WORDS WRITTEN ON THE SAND


WORDS WRITTEN ON THE SAND

On an occasion at Jerusalem, Jesus found Himself be­fore a woman—the Adulteress. A shouting crowd pushed her forward. The woman, hiding her face with her hands and with her hair, stood before Him, without speaking. Jesus had taught that wife and husband should be perfectly one, and He detested adultery. But He detested still more the cowardice of tale-bearers, the hounding by the merciless, and the nerve of sinners presuming to set themselves up as judges of sin. Jesus could not forgive the woman who had brutally disobeyed the law of God, but He did not wish to condemn her, because her accusers had no right to be seeking her death. And He stooped down and with His finger wrote upon the ground. It is the first and last time that we see Jesus lower Himself to this trivial operation. No one has ever known what He wrote at that moment, standing there before the woman trembling in her shame, like a deer set upon by a pack of snarling hounds. He chose the sand on which to write ex­pressly that the wind might carry away the words, which would perhaps frighten men if they could read them. But the shame­less persecutors insisted that the woman should be stoned. Then Jesus lifted Himself up, looked deep into their eyes and souls, one by one: "He that is without sin among you, let him first cast a stone at her." (John 8:7)

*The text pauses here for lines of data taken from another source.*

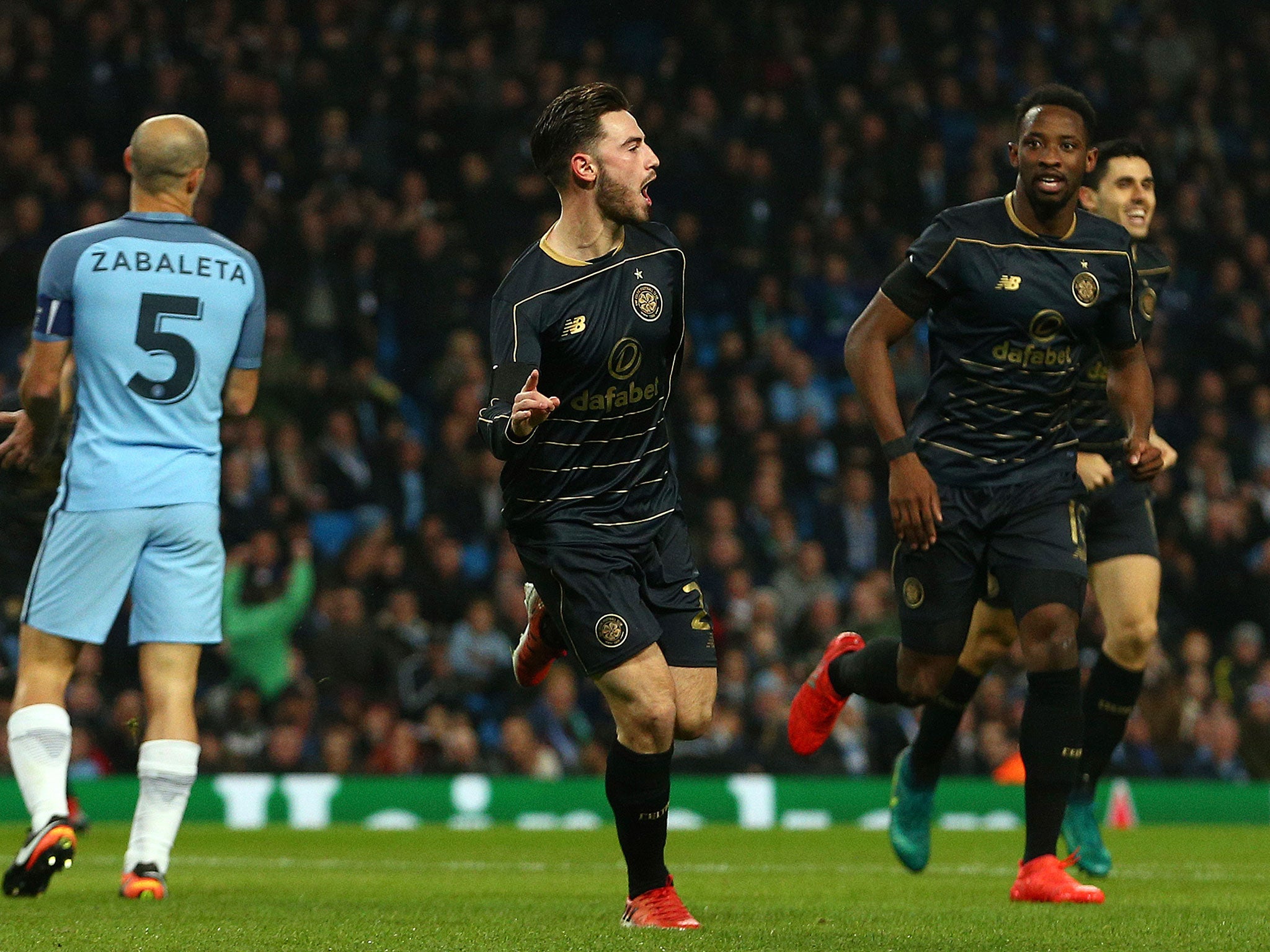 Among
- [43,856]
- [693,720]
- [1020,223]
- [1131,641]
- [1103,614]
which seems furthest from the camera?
[1103,614]

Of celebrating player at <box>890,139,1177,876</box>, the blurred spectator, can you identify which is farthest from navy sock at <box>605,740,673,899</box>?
the blurred spectator

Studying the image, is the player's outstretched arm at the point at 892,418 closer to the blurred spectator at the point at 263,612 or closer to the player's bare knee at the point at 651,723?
the player's bare knee at the point at 651,723

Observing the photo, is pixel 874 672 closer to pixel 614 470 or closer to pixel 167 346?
pixel 614 470

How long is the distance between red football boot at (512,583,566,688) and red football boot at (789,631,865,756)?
1.18 m

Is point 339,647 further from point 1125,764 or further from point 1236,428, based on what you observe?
point 1236,428

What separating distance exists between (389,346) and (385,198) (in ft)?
4.57

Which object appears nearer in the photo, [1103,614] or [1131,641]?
[1131,641]

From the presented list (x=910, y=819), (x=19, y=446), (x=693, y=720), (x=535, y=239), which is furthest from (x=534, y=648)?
(x=535, y=239)

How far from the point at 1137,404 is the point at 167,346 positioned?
301 centimetres

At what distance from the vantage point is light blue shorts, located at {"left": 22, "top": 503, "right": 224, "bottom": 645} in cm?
577

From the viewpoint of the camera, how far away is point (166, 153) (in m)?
5.85

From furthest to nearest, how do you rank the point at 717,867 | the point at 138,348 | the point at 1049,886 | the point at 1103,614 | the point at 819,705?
the point at 717,867, the point at 1103,614, the point at 819,705, the point at 138,348, the point at 1049,886

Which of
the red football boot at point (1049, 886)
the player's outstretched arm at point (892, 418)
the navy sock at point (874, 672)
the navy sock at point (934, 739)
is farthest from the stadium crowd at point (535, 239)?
the red football boot at point (1049, 886)

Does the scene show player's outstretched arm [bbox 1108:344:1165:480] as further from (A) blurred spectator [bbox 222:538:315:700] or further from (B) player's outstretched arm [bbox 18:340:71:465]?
(A) blurred spectator [bbox 222:538:315:700] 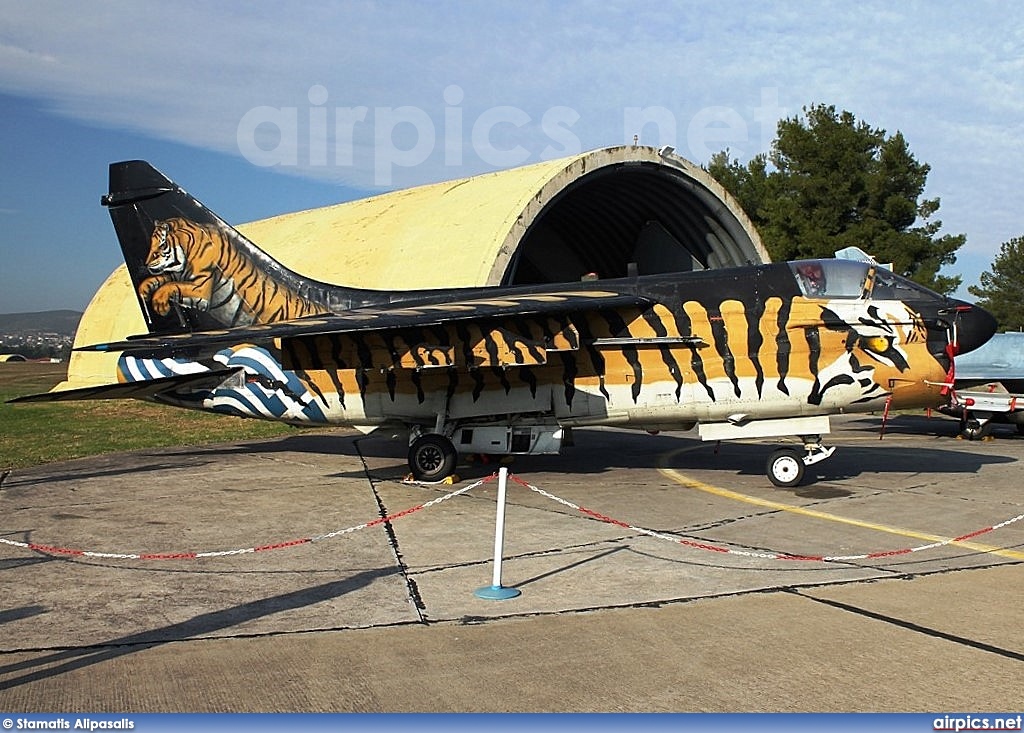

We are all of us guilty of the faults of our brothers. From the first to the last we are all daily accomplices, although too often unpunished. The Adulteress would not have betrayed her husband if men had not tempted her, if her husband had made himself better loved; the thief would not rob if the rich man's heart were not so hard; the assassin would not kill if he had not been harshly treated; there would be no pros­titutes if men knew how to crush their depravity. Only the innocents would have the right to judge; but on this earth there are no innocents, and even if there were, their mercy would be stronger than justice itself.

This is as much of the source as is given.